Take the tail on your right and open it up with the “wrong side” of the fabric facing up.
(You can see my creases on the binding with the “wrong side” showing, right by the word “side.”)
13) You can mark your centers where your fold lines, or creases, meet. You can use a pencil. I used a red Frixion pen and marked as lightly as possible.
14) Now you will match the centers with a pin with “right sides” facing each other. Push the pin through the “wrong side” for the tail on the right, and through the “right side” through the tail on the left.
15) Keeping the pin through your center mark you are going to pin the tails in place at so that they are perpendicular to each other (form a cross.) You should have a “t” or “cross” on each of your binding tails, from when you finger pressed, to help you align the tails so that they are perpendicular. Use additional pins to secure in place. Using a quilting ruler, mark a 45° stitching line. This stitching line starts and stops at the corners where my tow tails meet.
Stitch on the marked line. You can back stitch if you like (I don’t bother, but I do use a slightly shortened stitch length.)
Now fold the binding back into place to make sure everything worked out all right. Double check to make sure the binding is not twisted, too long, or too short. It should lay nicely along the edge of the quilt. If something is “off” unpick, and try again. There are times when I’ve had to unpick twice – binding while tired is not a good combination for me!
16) Once you are satisfied that everything looks good trim your tails leaving a 1/4” seam allowance, press (I usually finger press this small section) and sew down the binding over the “gap” that we left. Over lap your stitching by at least a 1/2” (where you previously attached the binding) so that you don’t leave any holes in your binding. Don’t forget to backstitch at the beginning and end. You should now have binding attached all the way around the back of your quilt.
17) Press your binding up away from the quilt back. (I usually set my seam first.) All the way around the quilt. This will help with the next step so you don’t have to fight the binding very much.
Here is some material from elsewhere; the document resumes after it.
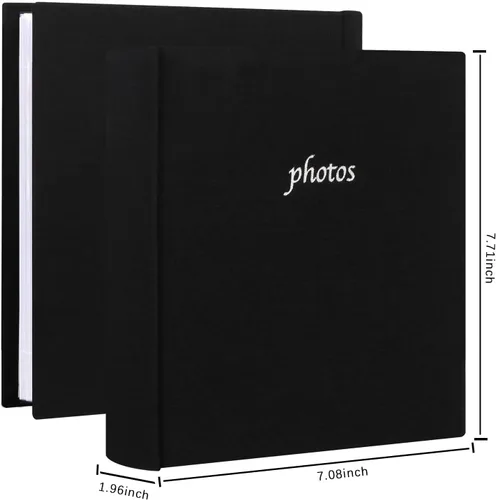 Vista 8 de Ruibytree - Álbum de fotos de lino con 120 bolsillos para Instax Wide 300/400, color negro Writing Space, Fits 3x4 in Instant Photos, Paper Pages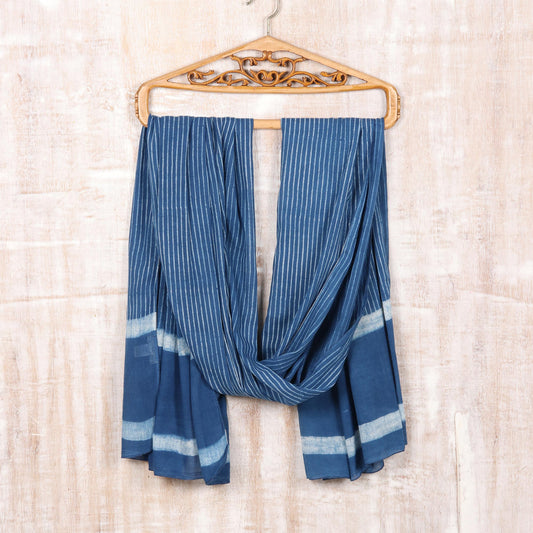 Dabu Blue Blue and White Mud Resist Striped Block Print Cotton Shawl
18) Now we are ready to sew the binding to the front of the quilt. You can pick a thread that matches the binding (less visible) or use a contrasting color if you want your stitching to be visible. I used white on the animal quilt (pink is used in this following picture so you could see better.) Start anywhere on your quilt but at least 6-8” away from a corner to make things easier.
Pull the binding over to the front so that it comes over far enough to cover your thread from stitching the binding to the back. Align your needle so that you are sewing close to the loose edge of the binding. You can pin in place if you find it easier (I love these Clover Wonder Clips) I usually just use my fingers and pull the binding into place as I go. Except in the corners, there I use the Wonder Clips to give me an extra hand.
Don’t forget to backstitch at the beginning, stitch until you near a corner and stop with your needle down.
19) When you near a corner you will have to get the corner ready for sewing. Start by folding over the side that is “tucked” under first. When you look at the binding from the back you will see that one side of the binding seems to be tuck under the other side.
Then fold the other side over. Folding the sides over in order gives you a better chance of having your corners meet up nicely. Use pins as needed to keep everything in place as you sew. I also like to use my angled tweezers to help everything get under the foot properly. Take your time on the corners. I usually go slow and find that I have to raise and lower my sewing foot to help the layers get under there in the right spot. To turn the corner, stop with your needle down, raise the walking foot, pivot the quilt, lower the walking foot and continue sewing.
20) Continue until you reach your starting point. I usually overlap my stitches by at least a 1/2” before backstitching and cutting my threads. I love ending up with pretty mitered corners. In the picture below you can see that two of my corners where perfect, while two were not. In instances like this I would go back and tack down the area where my stitching went off the binding by hand. 3-5 stitches by hand s far better (for me) than doing the binding by hand. I can finish binding a baby quilt in about an hour (not including making the binding) as opposed to hand stitching the binding in several hours.
I didn’t take a picture of the back of the quilt after binding, but you will end up with a stitch line right next to, or pretty close to the binding. Keep that in mind when you choose a thread.
Do you do your binding by machine or do you prefer to hand stitch it down to the front?
It has been fun having you along for the last 31 days!